The payment schedule also creates a timing gap. Half of the cash consideration is expected near signing, but the remaining NIS 16 million is spread through January 1, 2027. The about NIS 3.5 million reimbursement is also staged: half at the end of 2026 and the balance near the building permit. The deal helps 2026, but it does not remove the need to see planning progress, closing of conditions, and actual cash receipt.

That is where the deal is sharper than its headline. Looking only at the stated price, it can read as a sale of part of a large project. Looking at the payment schedule and project status, it looks more like interim financing with a strategic partner. Anshei Hair gets liquidity and reduces the obligation to fund the long path to permit alone, but shareholders get smaller direct exposure to La Guardia itself.

Ibn Gabirol Adds Diversification, But It Does Not Yet Replace La Guardia

The other side of the transaction matters because it prevents the deal from being a simple asset sale. Menrav is expected to transfer to Anshei Hair 49% of the rights and obligations in two Ibn Gabirol projects, with no consideration paid by Anshei Hair. But these are still not equivalent to La Guardia in maturity or disclosure.

Ibn Gabirol 117-119 is relatively advanced: 81% of rights holders have signed, above the required 66% threshold, dissenting tenants remain, a building-permit application has been filed, and the zoning plan has been approved. The current plan includes 55 new apartments, of which 27 are for sale, plus 1,878 square meters of commercial and employment space. That is economically meaningful exposure, but it still has to pass objection, permit, and execution stages.

Ibn Gabirol 113-115 is weaker as a current economic anchor. The transfer relates to an option to carry out a project, including a TAMA agreement that will be signed with tenants if it is signed. In addition, the validity of the Ibn Gabirol agreements depends on tenant-representative approval, and in 113-115 also on a special majority of tenants signing. Some deadlines can be extended, but the final date is December 31, 2026.

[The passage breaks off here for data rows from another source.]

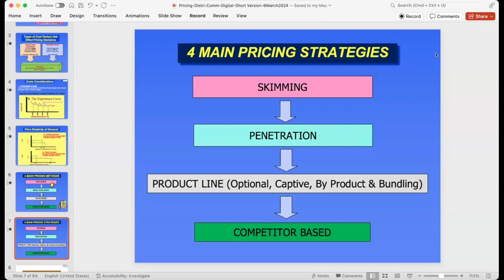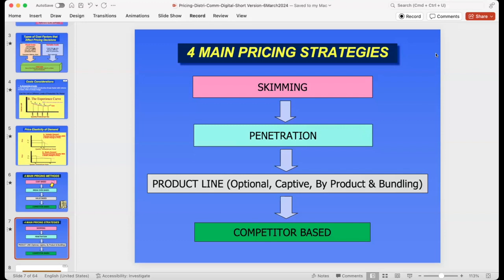Neither skimming nor penetration is universally best — it depends on the company, the market, and the target. In a technology industry, skimming may make sense because innovation really differentiates you. But if you're starting a bakery restaurant, penetration pricing based on your local market may make more sense. There are also other pricing strategies: product line pricing is selling a product with various options — like a guitar in different woods and materials at different price points.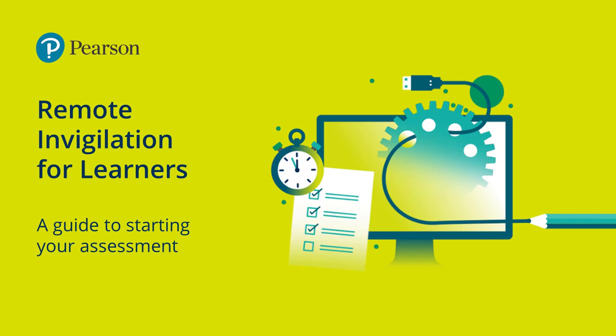Welcome to this short video on remote invigilation when taking your Pearson exam. This video has been made for learners and will cover starting your assessment.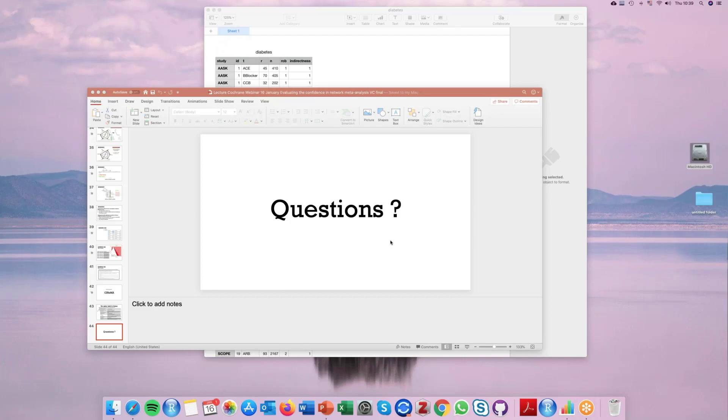Does CINEMA also assess confidence in network meta-analysis treatment rankings? Not yet. That is the topic of Virginia's PhD and we are working on it.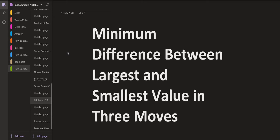Hello everyone. Welcome back to LeadCoding. On this channel, we discuss problems which are frequently asked in programming interviews and we discuss the step-by-step solution to those problems. Also, we talk about the space and the time complexity. Let us start with today's problem.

Ibn Gabirol therefore improves diversification, but it does not erase the La Guardia trade-off. It gives Anshei Hair another possible future profit path, with a partner and without acquisition consideration, but that path is still more conditional, smaller, and less certain. It becomes a true replacement asset only if approvals are completed and the projects move toward permits, financing, and sales.

The Next Read Depends on Cash Received and Approvals Closed

The conclusion is that the Menrav deal is primarily a pressure-reduction transaction. It cuts Anshei Hair's exposure to one very large project, brings in staged cash, and attaches a partner that should fund its share. It does not prove that La Guardia has already become accessible value, and it does not leave the company with the same direct upside it had before the deal.

The points that will determine the read from here are simpler than the legal structure: whether the payments arrive on schedule, whether La Guardia moves toward final declaration and permit, and whether the Ibn Gabirol conditions close by December 31, 2026. Until then, the deal deserves credit as a risk and funding reducer. It does not yet deserve credit as an event that crystallizes the full value of the largest project in the backlog.